- Published on
Success attributed to board: Lessons for all
How valuable is a board of directors to the performance of the business it governs? Does it influence business performance; or does it act as a policeman, "simply" monitoring the chief executive; and, do we even know? Many have attempted to answer this question. More often than not, the responses have been based on statistical analyses of secondary data (surveys, questionnaires, public data). Descriptions of what actually occurs in the boardroom typically remain hidden. Insights from direct observations of boards in action or from first-hand interviews are rare, so it pays to take note when they become available—as occurred when Nigel Bamford, chief executive of fireplace manufacturer Escea went on record this week. His comments, reported here, provide some interesting insights for boards to consider:
The Bamford interview provides a much-needed glimpse into the boardroom of a successful company. However, and thankfully, the Escea experience is not unique. The insights are consistent with emerging research about what boards need to do if they are to exert influence on business performance. Consequently, important questions for your own board to consider include:
- The Escea board meets monthly, for two hours per meeting. Despite this small amount of time spent together, the board manages to monitor past performance and look ahead. This suggests that the chairman has a disciplined approach to meeting protocol, and that the board has at least one eye on the future success of the business.

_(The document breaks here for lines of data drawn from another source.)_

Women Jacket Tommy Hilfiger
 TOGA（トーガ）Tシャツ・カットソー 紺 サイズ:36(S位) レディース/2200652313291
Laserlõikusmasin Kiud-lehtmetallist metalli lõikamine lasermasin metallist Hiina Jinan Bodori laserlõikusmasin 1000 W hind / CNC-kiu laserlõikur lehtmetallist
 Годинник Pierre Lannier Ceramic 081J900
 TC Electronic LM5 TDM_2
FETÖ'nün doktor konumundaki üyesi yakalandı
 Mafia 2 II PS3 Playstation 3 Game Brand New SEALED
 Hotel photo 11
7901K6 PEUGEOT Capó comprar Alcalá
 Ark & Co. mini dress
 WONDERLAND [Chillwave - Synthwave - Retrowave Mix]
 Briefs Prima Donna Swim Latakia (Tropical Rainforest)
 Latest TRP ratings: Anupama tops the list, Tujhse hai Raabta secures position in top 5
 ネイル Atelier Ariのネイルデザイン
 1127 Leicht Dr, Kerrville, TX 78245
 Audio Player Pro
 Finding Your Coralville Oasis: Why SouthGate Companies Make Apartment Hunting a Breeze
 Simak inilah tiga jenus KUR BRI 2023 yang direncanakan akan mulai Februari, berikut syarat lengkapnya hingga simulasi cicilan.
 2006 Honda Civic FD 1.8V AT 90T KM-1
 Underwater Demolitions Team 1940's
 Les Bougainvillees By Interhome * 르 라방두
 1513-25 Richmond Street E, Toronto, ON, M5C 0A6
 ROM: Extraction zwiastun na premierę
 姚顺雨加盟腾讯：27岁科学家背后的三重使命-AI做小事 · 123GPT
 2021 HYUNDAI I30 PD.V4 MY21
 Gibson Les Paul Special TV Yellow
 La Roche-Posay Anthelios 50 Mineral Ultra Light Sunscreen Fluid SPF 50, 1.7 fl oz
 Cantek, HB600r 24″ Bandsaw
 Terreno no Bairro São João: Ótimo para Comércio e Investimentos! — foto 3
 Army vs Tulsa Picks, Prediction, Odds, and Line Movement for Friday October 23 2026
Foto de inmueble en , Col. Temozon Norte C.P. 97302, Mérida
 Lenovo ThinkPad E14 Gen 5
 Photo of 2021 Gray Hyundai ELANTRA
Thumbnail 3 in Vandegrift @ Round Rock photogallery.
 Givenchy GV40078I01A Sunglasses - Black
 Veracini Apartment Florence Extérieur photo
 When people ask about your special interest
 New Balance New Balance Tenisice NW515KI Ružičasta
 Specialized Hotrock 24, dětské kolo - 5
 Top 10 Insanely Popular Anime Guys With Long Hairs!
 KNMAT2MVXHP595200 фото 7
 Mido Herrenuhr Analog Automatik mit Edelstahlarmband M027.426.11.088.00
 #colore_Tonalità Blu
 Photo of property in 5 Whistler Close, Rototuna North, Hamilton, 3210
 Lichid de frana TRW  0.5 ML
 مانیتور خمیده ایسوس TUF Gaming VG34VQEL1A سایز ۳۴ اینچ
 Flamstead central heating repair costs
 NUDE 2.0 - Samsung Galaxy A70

- The board is comprised of directors with "a whole range of different perspectives and different disciplines". Decision quality appears to have benefited as a consequence.
- That the board is comprised of three company founders and two external directors suggests that technical independence (as promoted in many corporate governance codes) is not necessary for board effectiveness including effective decision-making.
- The emphasis in Bamford's comments is on debate and diversity of thought. Gender and other forms of observable diversity were not mentioned.
- The Chief Executive expects the board to 'add value' by challenging proposals and driving the decision-making process.
- A one-size-fits-all approach to board practice and corporate governance is not appropriate.
- While the Escea board looks ahead, strategy was not explicitly mentioned. Whether the board works with management on the development of strategy, or critiques strategic options and proposals presented by management is unclear.
Bamford's final comment is perhaps the most telling. "In time, a board is useful for all businesses of reasonable scale and ambition." Two important lessons emerge from it:
- Formalised boards and board practices are helpful once ambitious (growth oriented) businesses have achieved reasonable scale, and if attention is focussed on the future.
- Formalised board structures and practices are not always necessary (beyond statutory requirements), especially very small businesses where the same person or group of people both own the company shares and manage the business. Meet your statutory requirements but don't burden the business with unnecessary corporate governance and board practices. They are not required.
- How might the insights discussed here help your board lift its performance in pursuit of business success and value creation?
- Might a discussion at your next board meeting, to consider the appropriateness of your current board practices be useful?